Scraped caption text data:
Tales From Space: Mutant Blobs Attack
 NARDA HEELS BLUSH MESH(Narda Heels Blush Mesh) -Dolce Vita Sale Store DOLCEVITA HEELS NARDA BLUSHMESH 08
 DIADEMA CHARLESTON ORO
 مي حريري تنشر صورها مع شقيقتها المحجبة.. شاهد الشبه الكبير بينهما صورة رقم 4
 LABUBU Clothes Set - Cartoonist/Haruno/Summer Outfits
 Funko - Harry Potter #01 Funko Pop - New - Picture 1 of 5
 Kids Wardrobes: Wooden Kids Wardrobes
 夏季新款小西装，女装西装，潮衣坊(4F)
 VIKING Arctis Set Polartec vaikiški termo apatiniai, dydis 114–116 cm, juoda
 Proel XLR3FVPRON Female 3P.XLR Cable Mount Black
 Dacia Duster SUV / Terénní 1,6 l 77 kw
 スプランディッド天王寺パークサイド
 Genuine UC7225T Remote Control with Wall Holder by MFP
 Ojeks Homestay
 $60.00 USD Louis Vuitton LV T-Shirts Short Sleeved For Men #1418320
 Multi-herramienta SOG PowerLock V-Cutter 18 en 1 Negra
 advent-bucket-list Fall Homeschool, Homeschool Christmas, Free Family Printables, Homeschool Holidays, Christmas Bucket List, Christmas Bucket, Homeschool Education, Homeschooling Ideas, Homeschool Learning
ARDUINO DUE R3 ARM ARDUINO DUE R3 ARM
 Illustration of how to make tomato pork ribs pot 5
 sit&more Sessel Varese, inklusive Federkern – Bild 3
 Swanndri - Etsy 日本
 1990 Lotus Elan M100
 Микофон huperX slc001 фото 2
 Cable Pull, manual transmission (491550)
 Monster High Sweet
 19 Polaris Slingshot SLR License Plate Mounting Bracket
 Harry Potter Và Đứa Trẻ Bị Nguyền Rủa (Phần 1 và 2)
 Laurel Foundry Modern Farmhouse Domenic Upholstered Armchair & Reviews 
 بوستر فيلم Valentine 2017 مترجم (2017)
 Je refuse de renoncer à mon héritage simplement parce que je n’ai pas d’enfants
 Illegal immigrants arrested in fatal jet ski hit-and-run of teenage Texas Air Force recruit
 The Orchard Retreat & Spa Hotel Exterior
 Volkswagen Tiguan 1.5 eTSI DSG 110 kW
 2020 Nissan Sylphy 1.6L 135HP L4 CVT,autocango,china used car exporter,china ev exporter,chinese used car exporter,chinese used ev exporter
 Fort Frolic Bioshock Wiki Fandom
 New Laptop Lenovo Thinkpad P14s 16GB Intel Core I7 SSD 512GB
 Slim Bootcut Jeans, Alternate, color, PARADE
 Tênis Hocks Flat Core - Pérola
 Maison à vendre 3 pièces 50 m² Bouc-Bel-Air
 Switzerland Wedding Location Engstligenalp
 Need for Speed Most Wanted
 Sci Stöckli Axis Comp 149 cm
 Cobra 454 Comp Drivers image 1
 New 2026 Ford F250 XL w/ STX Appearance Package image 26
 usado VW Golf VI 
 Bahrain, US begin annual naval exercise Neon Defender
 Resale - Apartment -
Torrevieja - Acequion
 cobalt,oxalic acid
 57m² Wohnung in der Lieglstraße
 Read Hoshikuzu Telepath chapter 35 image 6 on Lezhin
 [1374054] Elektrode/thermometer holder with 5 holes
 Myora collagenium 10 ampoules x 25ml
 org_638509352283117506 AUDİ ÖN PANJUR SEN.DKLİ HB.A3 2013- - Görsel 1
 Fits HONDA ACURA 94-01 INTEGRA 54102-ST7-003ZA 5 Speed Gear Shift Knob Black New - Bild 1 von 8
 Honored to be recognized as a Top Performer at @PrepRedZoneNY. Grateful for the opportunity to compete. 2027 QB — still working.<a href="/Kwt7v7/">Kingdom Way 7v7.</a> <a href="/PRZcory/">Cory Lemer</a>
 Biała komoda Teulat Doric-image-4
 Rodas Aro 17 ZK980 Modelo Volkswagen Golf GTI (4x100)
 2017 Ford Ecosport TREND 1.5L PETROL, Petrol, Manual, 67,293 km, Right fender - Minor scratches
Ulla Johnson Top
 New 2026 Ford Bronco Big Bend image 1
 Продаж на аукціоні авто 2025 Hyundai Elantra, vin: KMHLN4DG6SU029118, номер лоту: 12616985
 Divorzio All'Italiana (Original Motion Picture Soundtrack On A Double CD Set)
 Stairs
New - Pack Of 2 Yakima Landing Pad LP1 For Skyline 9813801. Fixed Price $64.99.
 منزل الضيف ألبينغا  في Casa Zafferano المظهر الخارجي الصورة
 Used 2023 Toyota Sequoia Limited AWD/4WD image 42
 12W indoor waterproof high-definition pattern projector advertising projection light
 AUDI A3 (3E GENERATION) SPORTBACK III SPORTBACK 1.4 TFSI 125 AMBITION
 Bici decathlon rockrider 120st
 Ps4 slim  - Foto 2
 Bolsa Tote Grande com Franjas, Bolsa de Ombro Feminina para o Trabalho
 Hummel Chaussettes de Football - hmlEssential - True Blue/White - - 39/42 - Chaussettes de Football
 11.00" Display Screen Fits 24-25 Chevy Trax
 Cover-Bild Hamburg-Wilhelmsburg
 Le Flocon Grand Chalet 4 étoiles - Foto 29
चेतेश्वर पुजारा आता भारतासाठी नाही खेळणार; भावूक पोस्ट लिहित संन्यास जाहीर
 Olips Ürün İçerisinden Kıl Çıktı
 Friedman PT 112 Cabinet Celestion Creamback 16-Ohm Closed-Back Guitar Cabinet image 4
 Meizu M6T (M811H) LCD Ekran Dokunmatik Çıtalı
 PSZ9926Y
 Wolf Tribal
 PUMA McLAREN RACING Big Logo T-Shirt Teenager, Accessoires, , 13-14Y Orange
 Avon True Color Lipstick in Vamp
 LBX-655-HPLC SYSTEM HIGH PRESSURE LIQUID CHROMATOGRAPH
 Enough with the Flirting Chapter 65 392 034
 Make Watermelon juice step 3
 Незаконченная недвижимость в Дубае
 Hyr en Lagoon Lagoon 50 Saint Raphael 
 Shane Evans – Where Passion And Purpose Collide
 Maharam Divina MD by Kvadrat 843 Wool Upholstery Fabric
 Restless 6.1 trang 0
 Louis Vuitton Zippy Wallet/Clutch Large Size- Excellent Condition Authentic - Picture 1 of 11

» **YOUR ASSIGNMENT**: Your task is to gather all lines from the entries above that hold the word "Foto".

» **ANSWER SPACE**:
 Ps4 slim  - Foto 2
 Le Flocon Grand Chalet 4 étoiles - Foto 29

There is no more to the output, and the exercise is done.